Five-month-olds in Hamlin et al. (2011) were tested on the very same procedures but showed no evidence of context-dependence (nor, notably, of valence-matching): they preferred those who gave to versus took from all targets, whether prosocial or antisocial. This performance difference suggests that the ability to demonstrate global social evaluations develops between 5 and 8 months after birth. That said, the nature of this development remains unclear. On the one hand, development between 5 and 8 months may occur within the domain of social evaluation itself. Infants might first possess relatively simple “helpful = good and/or harmful = bad” heuristics that are impervious to contextual information of any kind, and later develop the ability to evaluate prosocial and antisocial actions in context. Such domain-specific change could be prompted by infants’ everyday experiences: as infants age and become increasingly mobile they are presumably confronted with more and more locally antisocial behavior performed by individuals infants are sure they like (their caregivers) toward individuals infants are sure they like (themselves, their peers and/or siblings). These experiences might then drive infants to adjust their rigid social evaluation system in order to incorporate information related to who did what to whom and why. That is, in a process of accommodation (e.g., Piaget, 1928), global social evaluation might emerge as infants encounter, and are motivated to make sense of, apparent inconsistencies in their increasingly complex social world. Notably, 8 months is also the time when mentalistic third party social evaluation has first been observed in infants (Hamlin, 2013b).

A second (non-mutually-exclusive) possibility for younger infants’ failure is that 5-month-olds are limited in terms of memory, processing speed/capacity or other domain-general ability relative to 8-month-olds. Indeed, the methodology used in Hamlin et al. (2011) was extremely complex relative to past work on social evaluation in younger infants, and may have placed insurmountable demands on 5-month-olds’ processing and memory capacities. To illustrate, infants in Hamlin et al. (2011) saw two different types of prosocial and antisocial interactions within the same study, both the box and the ball scenarios.
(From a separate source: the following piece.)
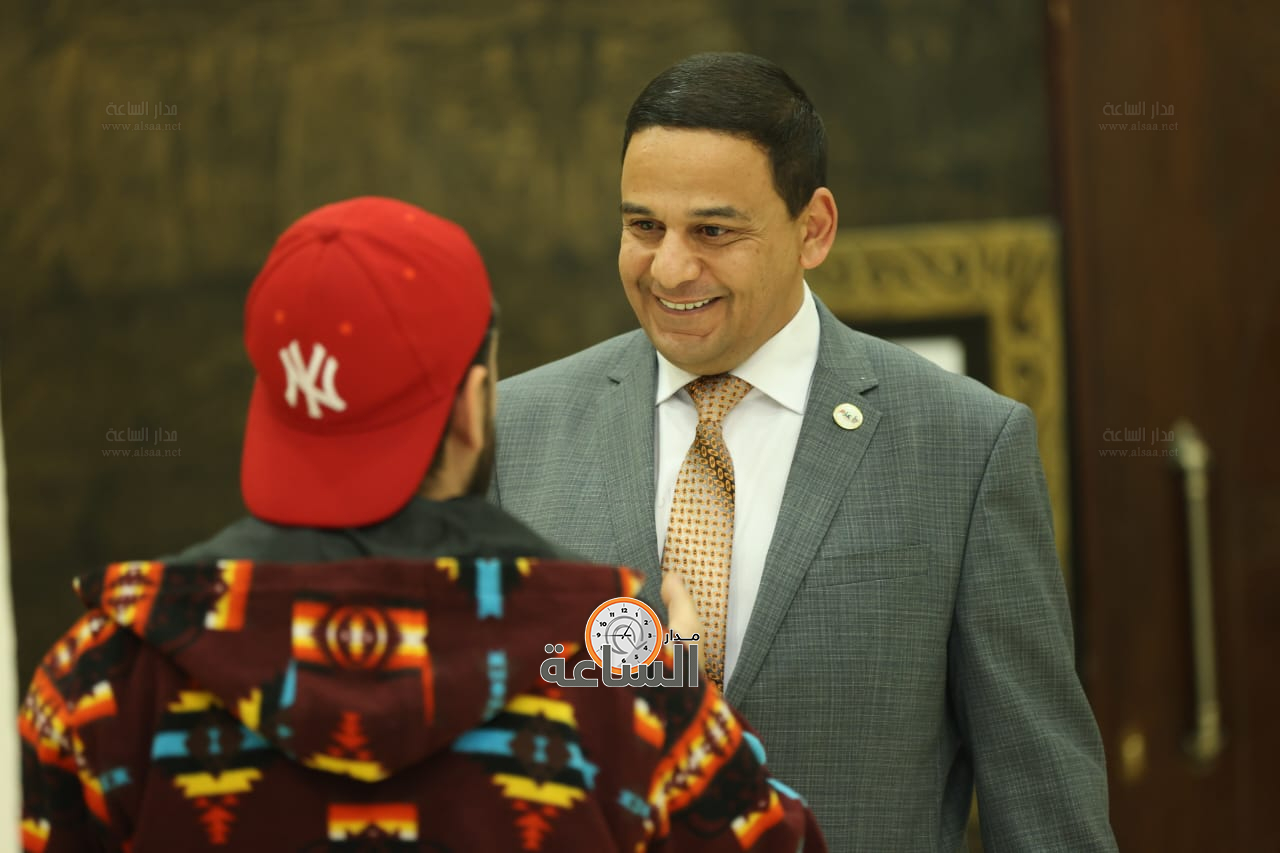 Madar Al-Saa Images 0.6404567663632201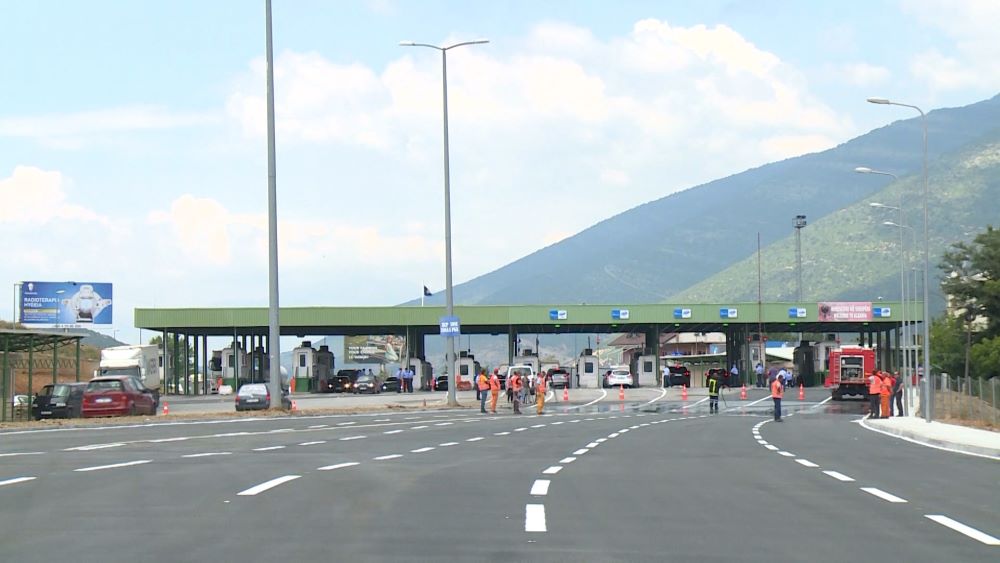 Nis zbatimi i regjimit te lire te trafikut nderkufitar mes Shqiperise e Kosoves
Although infants readily distinguish prosocial from antisocial others when shown either one of these scenarios, no previous work has demonstrated they can do so when shown both types, much less integrate information across the two. In addition, while in past studies infants have had to keep track of three unique characters who are all onstage together at the start of each event, in the global evaluation procedure infants must keep track of five distinct characters, only three of whom are ever onstage at once. Finally, infants in Hamlin et al. (2011) were not only given more information to process than in past work, they also had less time to process it: past work has utilized a habituation procedure in which infants are shown prosocial and antisocial events repeatedly until a pre-specified criterion is reached (between three and seven events each; habituation is taken to indicate sufficient event processing, for review see Colombo and Mitchell, 2009), whereas infants in Hamlin et al. (2011) saw just one prosocial and one antisocial event in each of the box and ball scenarios. Therefore, perhaps 5-month-olds selected givers over takers following the ball scenario simply because they initially failed to process or subsequently forgot what the target in the ball shows had done, and so they evaluated givers and takers as if the target was an unknown third party. If so, then the procedure was not actually a test of 5-month-olds’ capacity for context-dependent social evaluation in the first place.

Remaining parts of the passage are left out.